### [Data shown]
<<<<

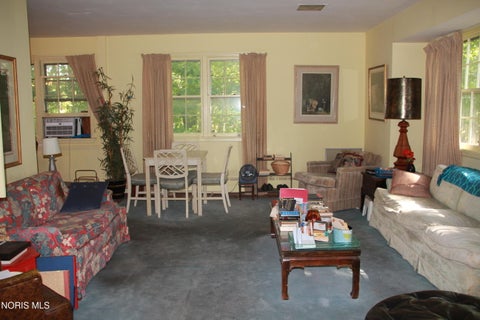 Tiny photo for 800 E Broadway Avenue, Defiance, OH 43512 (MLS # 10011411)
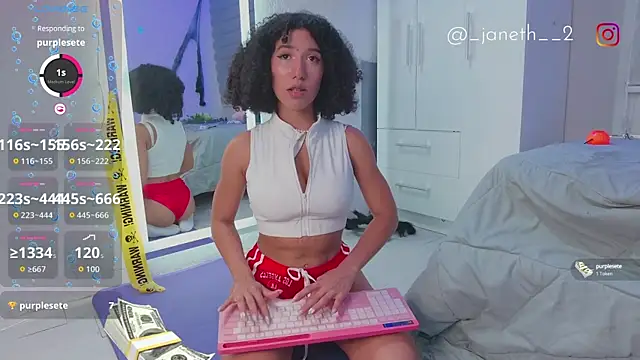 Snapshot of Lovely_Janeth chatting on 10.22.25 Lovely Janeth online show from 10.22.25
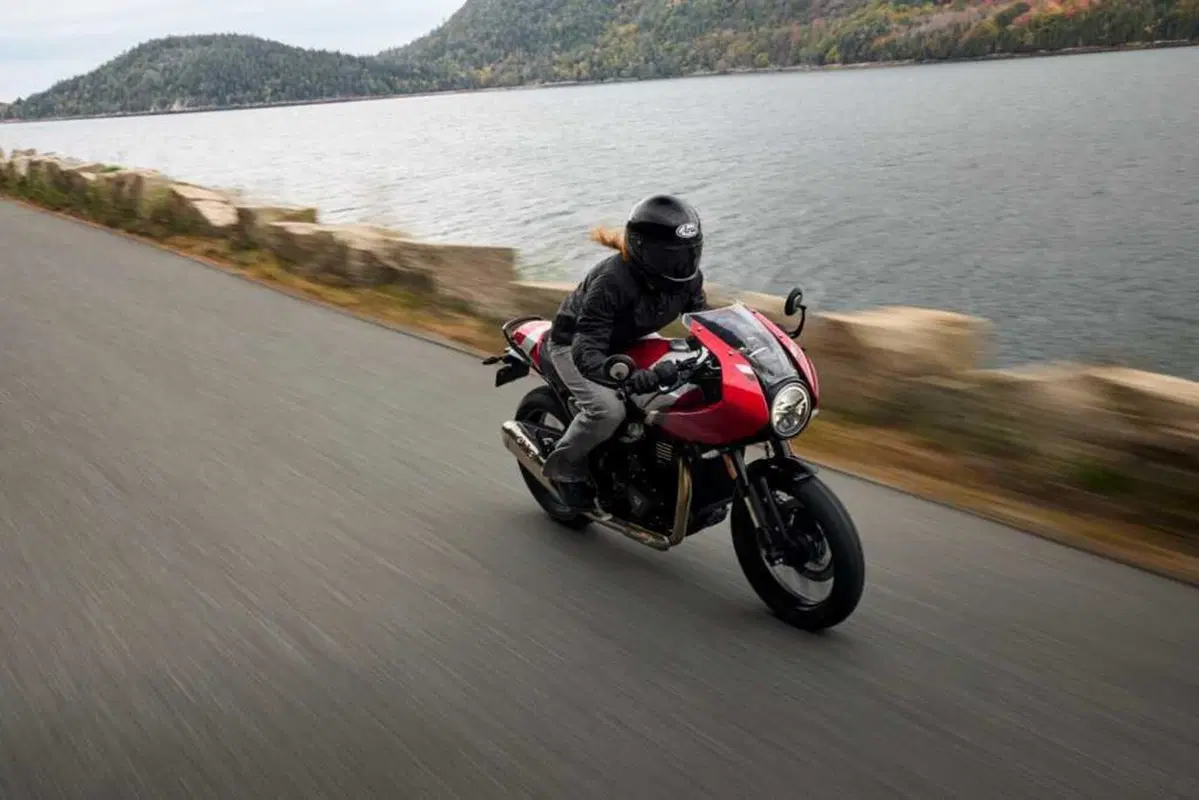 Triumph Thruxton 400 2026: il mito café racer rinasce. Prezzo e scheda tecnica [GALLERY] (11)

>>>>
<<<<

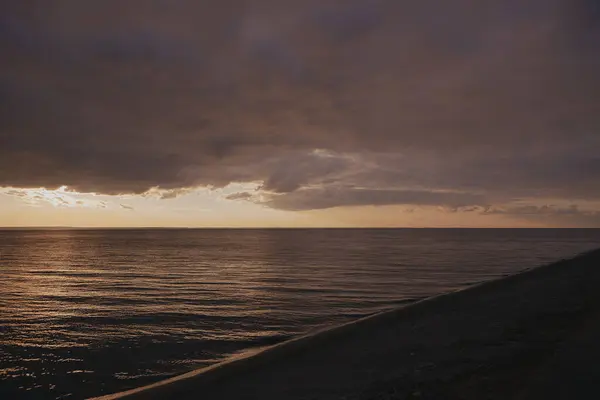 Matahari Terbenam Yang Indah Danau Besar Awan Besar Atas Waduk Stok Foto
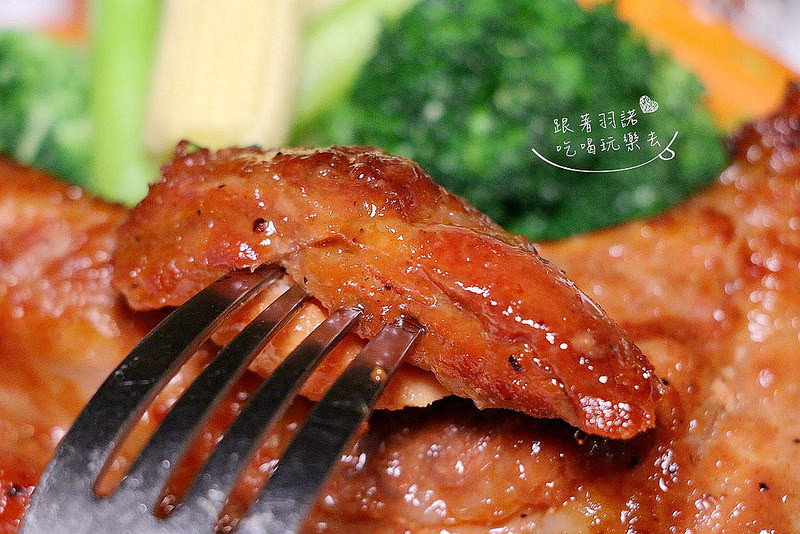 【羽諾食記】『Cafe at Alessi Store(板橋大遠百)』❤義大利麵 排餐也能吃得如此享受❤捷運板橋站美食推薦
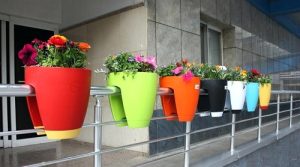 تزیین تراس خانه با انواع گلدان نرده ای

>>>>

### [Work instruction]
In the listing above, find the line holding "Tiny photo for" and the line holding "Triumph Thruxton 400". Reproduce those two lines and all between them exactly, leaving out pictures.

### [Reply to the exercise]
 Tiny photo for 800 E Broadway Avenue, Defiance, OH 43512 (MLS # 10011411)
 Snapshot of Lovely_Janeth chatting on 10.22.25 Lovely Janeth online show from 10.22.25
 Triumph Thruxton 400 2026: il mito café racer rinasce. Prezzo e scheda tecnica [GALLERY] (11)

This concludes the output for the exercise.